From the CEO
From the CEO

CEO Pekka Tenniläs comments on Anora's Q1 22 results

Anora’s first year as a combined company started off with underlying business developing largely in line with our expectations, despite the turbulence in our operating environment.

For wine and spirits, we saw markets returning to normal during the first quarter, as expected. Volumes in the monopolies have declined, as restrictions were lifted in all markets. Consumption has shifted back to on-trade, travel retail and border trade, and the recovery of these sales channels has been good or even strong.

The significant increase of input costs that we experienced already at the end of last year has further accelerated due to the war in Ukraine. To mitigate this cost inflation, we have increased prices in all sales channels and across both beverage and industrial products. Price increases were implemented already at the end of last year and continued in the first quarter, but in the current inflationary environment, we will need to continue with further price increases throughout the rest of the year.

For the first quarter, Anora’s net sales were EUR 133.4 million, which was slightly below last year’s pro forma net sales of EUR 134.2 million. This year beverage sales in Q1 were impacted by the later timing of Easter sales occuring in Q2 rather than in Q1 as last year. Further, wine sales declined in line with the declining market volumes, while spirits sales grew thanks to the recovery of travel retail. On the industrial side price increases due to the high raw material costs supported net sales development positively. Profitability weakened in Q1 due to the price increases only partly offsetting high input costs, and the lower wine sales. Comparable EBITDA reached EUR 13.0 million, or 9.8% of net sales.

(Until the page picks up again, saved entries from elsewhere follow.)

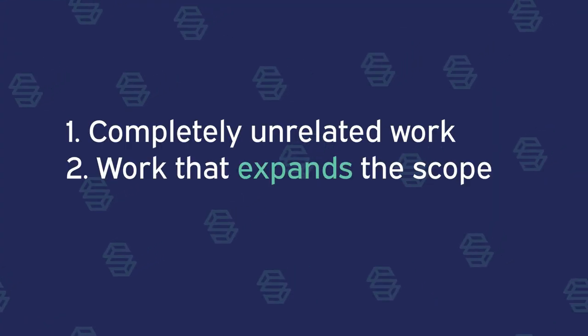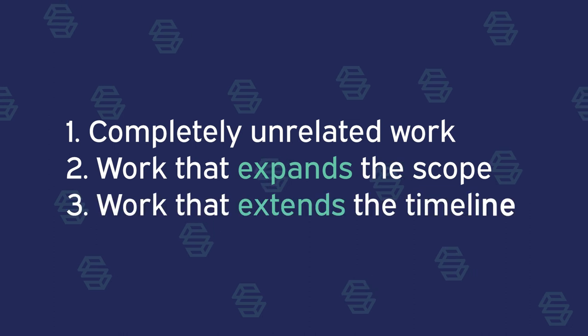There are really three categories of scope creep: completely unrelated work, work that expands the current scope, or work that extends the project timeline. Once you understand the request, communicate clearly why it's not in scope.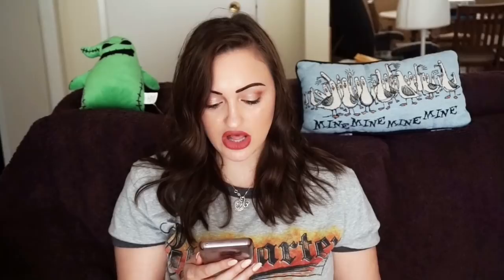This is the Zella Women's Black Workout Thick Warm Running Jacket Coat Size Extra Large. I had it up for $36.29 but it sold for $24 plus $6.50 shipping. I thought it would sell for $40 — I price my stuff a little too high sometimes, non-realistically. I had it up for $50 on Poshmark, but sold it for $24 on eBay. Sometimes you sell things cheaper than you would on Poshmark, sometimes more.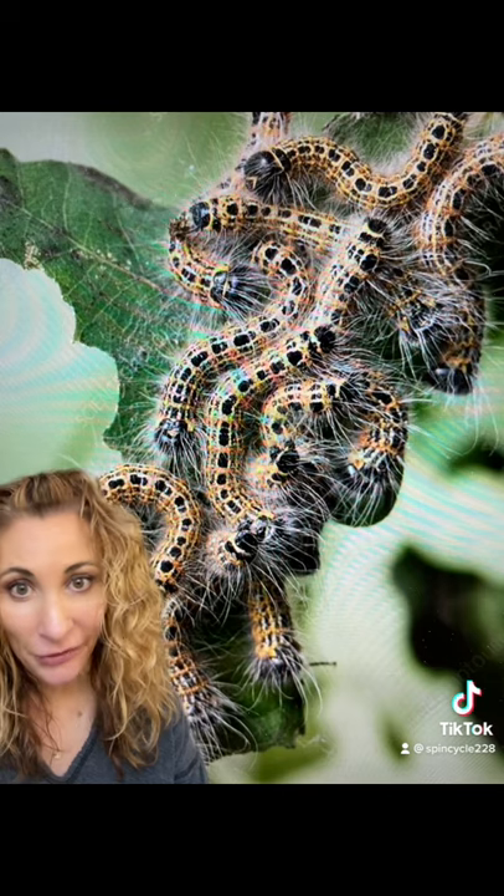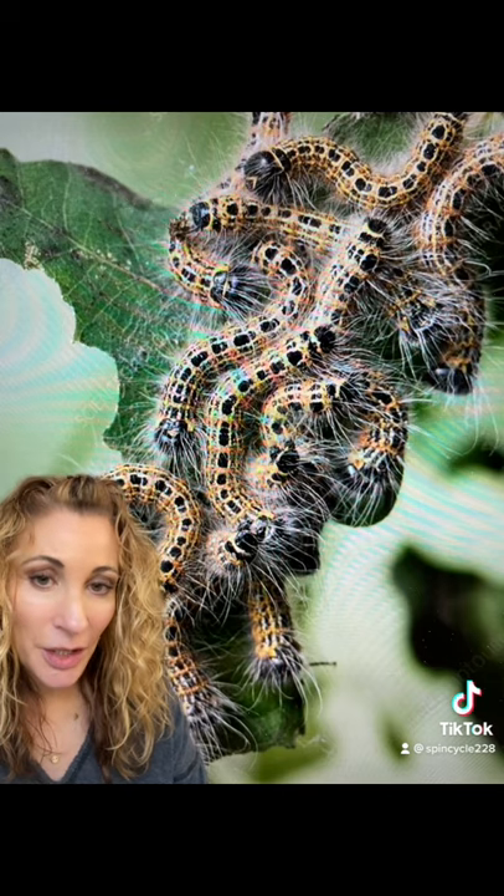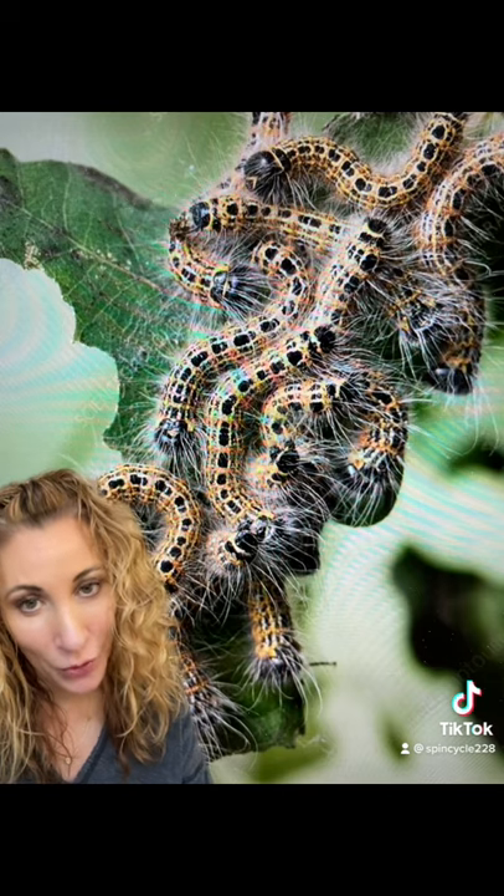This species of moth is native to Britain and is rarely seen as they tend to fly after midnight, and their colorful caterpillars are quite social until they become older, when they go off on their own to pupate.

Our post-merger integration work has progressed as planned and on schedule. During the first quarter, we have achieved an important milestone with the consolidation of logistics volumes. We have completed the projects to insource third party logistics operations in both Norway and Finland, while Sweden is expected to be completed during Q3 22. The run-rate of annualised net synergies at the end of Q1 22 was EUR 1.9 million, including the annual impact of EUR 4.6 million from the divestment of brands.

We strongly condemn Russia’s war against Ukraine and respect all sanctions that have been set. When the war started, we reacted quickly and suspended exports to Russia, and in our Baltic operations we suspended purchases of raw materials from Russia and Belarus. Discontinuing exports to Russia does not have a material impact on Group net sales, but due to the war, global supply chain disruptions and constraints in the supply of grain have further increased.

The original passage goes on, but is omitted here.